Once again, many of the top trigrams contain a mix of many common articles. This time, we can see even more of the difference between the Twitter dataset as compared to the blogs and news datasets. Here, we are able to the see that the phrase “thanks for the follow” appears to be among the most common for Twitter (with the trigrams “thanks for the”, “thank you for” and “for the follow” occupying three of the top ten most frequent trigrams).

Again, we also see that this time the percent share of each top word is essentially 0 for almost every trigram – with the exception of “thanks for the” making up 0.1% of all trigrams in the Twitter dataset. This again relates back to the point I mentioned earlier when speaking about bigrams.

Whats Next: Model & App Creation

The next part of this project involves the creation of the actual prediction model itself, which will then be used in the final Shiny app. To do this, I think I will pivot away from the tm and tokenizers packages and instead opt to use the Quanteda package. Quanteda provides many useful text processing and tokenizing functions that should help streamline the entire analytic and modeling process. First, we will most likely sample a small training set worth of data from the main datasets, at least just for the initial model creation process (we don’t want to bog down our algorithms too much, so it is imperative that we maintain a fine balance between dataset size and loading/response times for our model).
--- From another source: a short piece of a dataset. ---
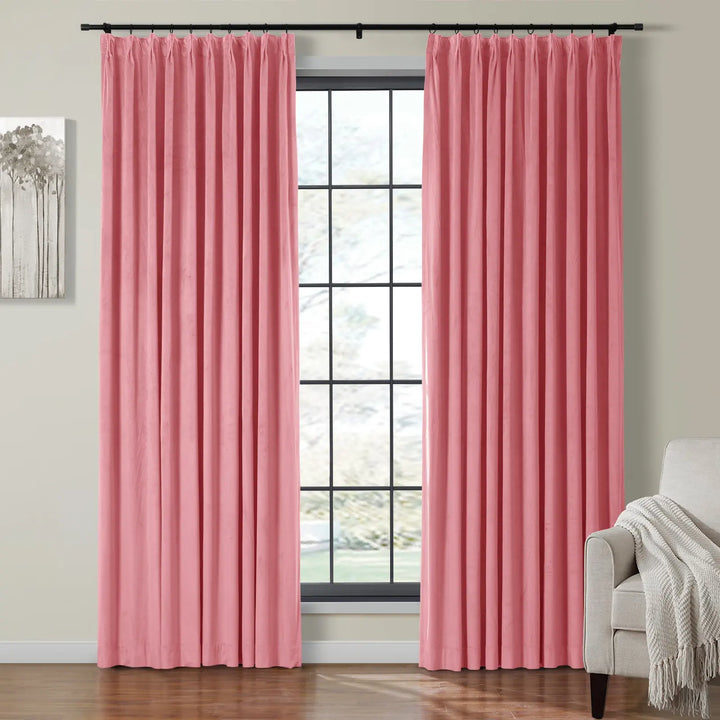 Soft pink velvet curtains draping elegantly beside a large window in a cozy living room.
From there, we will convert each training set into a corpus, create tokens and n-grams (while removing punctuation, numbers, URLs, symbols, profanity, and unnecessary words), and put that all into a document-feature matrix. Once we have our data in that form, it will enable us to create our prediction model easier. Additionally, I am planning on using the Katz backoff smoothing method to assign non-zero probabilities for less likely n-grams.